NORTH SHORE FALSE CREEK—THE VIEW OF THE MOUNTAINS FOREVER BLCOKED

Vancouverism—the tower-and-podium architecture that began building post-Expo ’86—boils down to just two essential parts: Towers-and-Skytrain. The towers block the sky and the view of the mountains and stop the sun from reaching the city street and sidewalks. This in a place where skies are either overcast, or raining 60% of the time. Nobody wants that. The Skytrain blights the neighborhoods it crosses preserving an unencumbered ground plane for automobiles. People would rather see the public realm supporting both social functioning and traffic—not just one or the other. The Vancouverism doesn’t give much consideration to the human experience of place, or what should be understood to be ‘good’ urbanism. Vancouverism’s gigantic land parcel assemblies defy human scale. There is no there there. No legible hierarchy of street, block, district and neighborhood. The whole is not greater than the sum of the parts simply because the parts are just too big. The gigantism of the tower-and-podium typology is too large to be apprehended by our human senses. The images of the Vancouverism are all made from high up and far away using our glorious mountains as backdrop. Up close the mountains are hidden from view. Unit is piled upon unit, piled high one upon the other, creating a seamless and seemingly endless monotony of place.

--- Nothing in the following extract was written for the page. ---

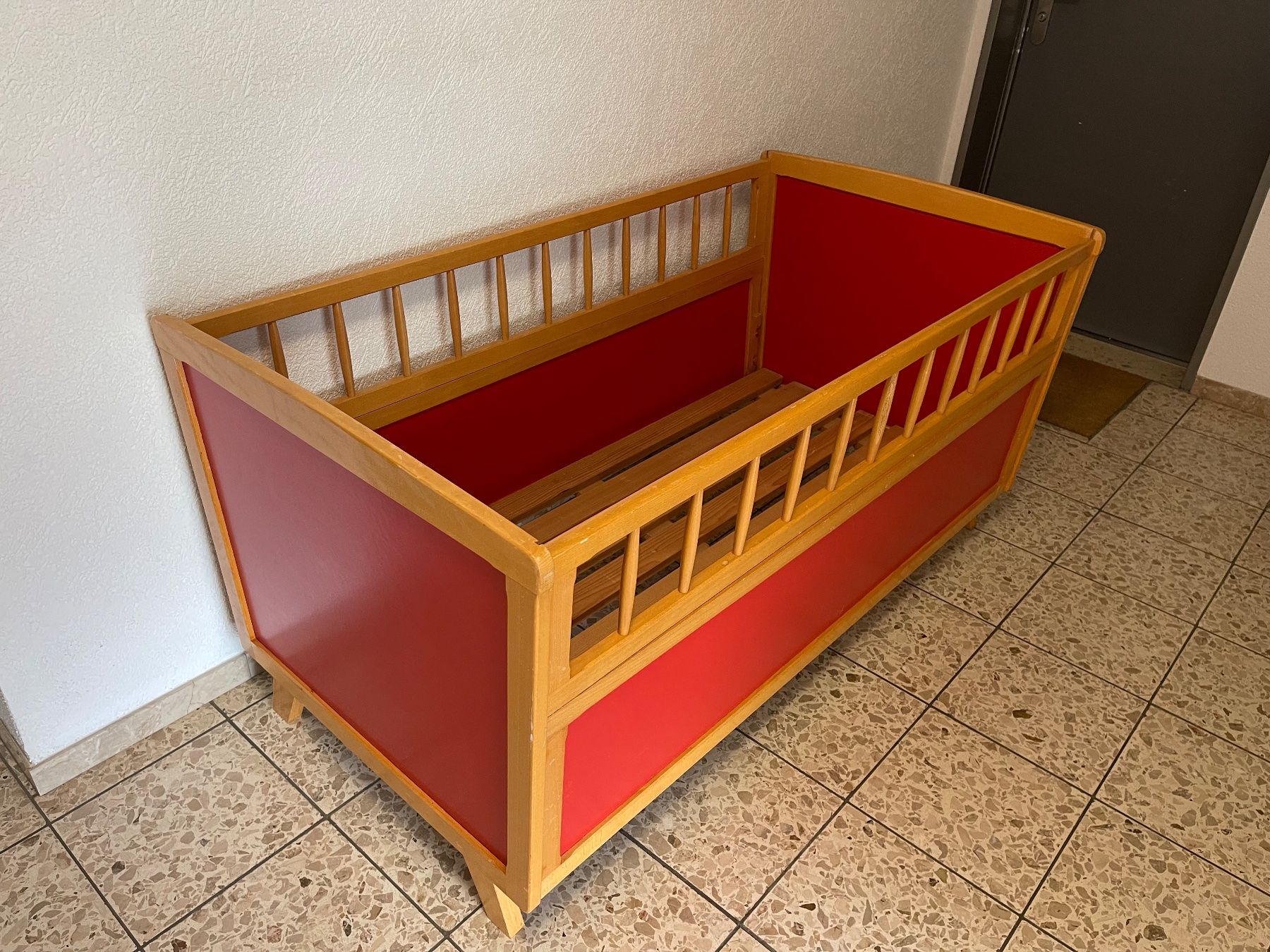 Betten: Vintage Kinderbett – Gebraucht aus St. Gallen von Jgmuer
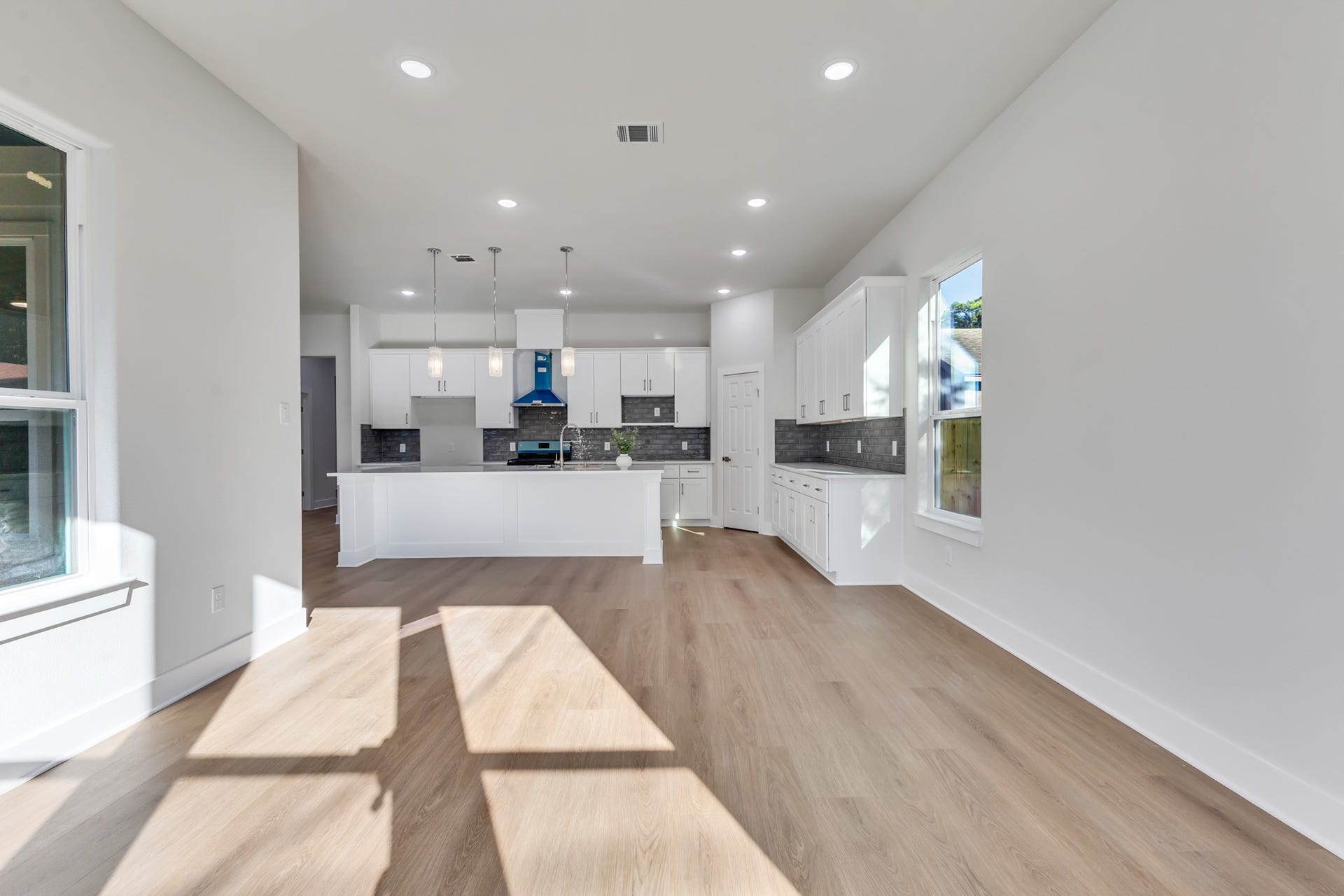 25903 Woodglen Drive, Spring, TX 77386 Open-Concept Dining Area & Kitchen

THE FIRST IN A SERIES OF ARTICLES ON ‘GOOD’ URBANISM IN NORTH AMERICA

Anonymity and isolation reign supreme. Three decades into bemoaning building Vancouverism in Vancouver we have a single, concrete and verifiable cipher. Today we have proof: One startling result crushes all others. This is the ‘bunker busting bomb’ that may wellend the business-first NPA-Vision hegemony on local council: Vancouverism has triggered red-hot housing prices into our region. “May you live in exciting times,” says an old Chinese curse. The meteoric rise in the cost of housing over the past 30 years now threatens the survival of our middle class and the very fabric of the Canadian way of life.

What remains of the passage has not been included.